Am I over-reacting or is this one of the best comments on the future of classical music? Let the younger generation in with their fresh-air creativity and see what happens.

"Mostly Mozart; Mostly Improved" by Anthony Tommasini. It is in the New York Times. I tried to copy the URL but it wouldn't paste. Googling will get it if you want to see.

Some of us (mostly me) tend to cling to the old and never know what the younger musicians are doing. Maybe because we hear too much in public places that just isn't music. At least not to my old ears.

P. S. I couldn't get the URL for "Mostly Mozart". I think I just got it.

http://www.nytimes.com/2013/07/28/arts/music/mostly-mozart-mostly-improved.html?pagewanted=all


----------



## PetrB (Feb 28, 2012)

Great article, exciting activity, and it is all in and around Manhattan, one of the two largest classical music navels of the planet (the other being London.) So what is going on there must be tempered, a little bit, to the more "conservative" centers like, perhaps, Sydney, Australia.

The immediacy of sitting nearer the players, and in a smaller venue, is an already known plus -- here proved as very successful, as are the later night venues in a more relaxed setting. 

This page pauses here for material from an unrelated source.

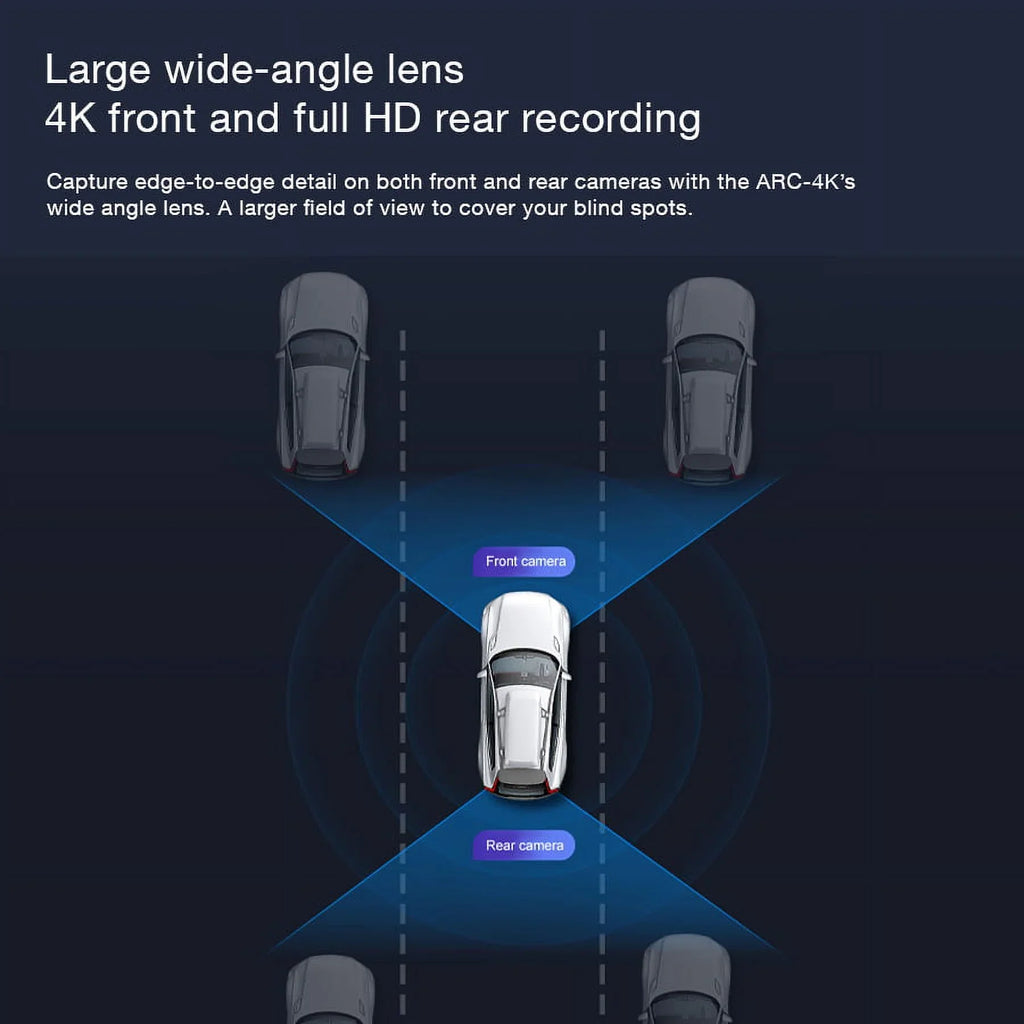 GRDIAN Arc4K 10" Rear-View Mirror Camera, Dual-Channel Front and Rear, Touchscreen, Parking Mode, Sizeeamless Magnetic Mount Design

What is cursorily glossed over is the always problematic far less pay because the audience is smaller, and that old saw about "less pay but really great exposure" for the younger players and composers. Without inflating prices to mega-star level, it might be hoped some further endowments for the smaller and more adventurous venues of such high quality would find their way to those so dedicated to presenting the music in such a fresher and smaller venue.

Nothing sets off older works so well as a well-written contemporary work, and vice verso.... so hats off to this ensemble, its directors, players and composers.


----------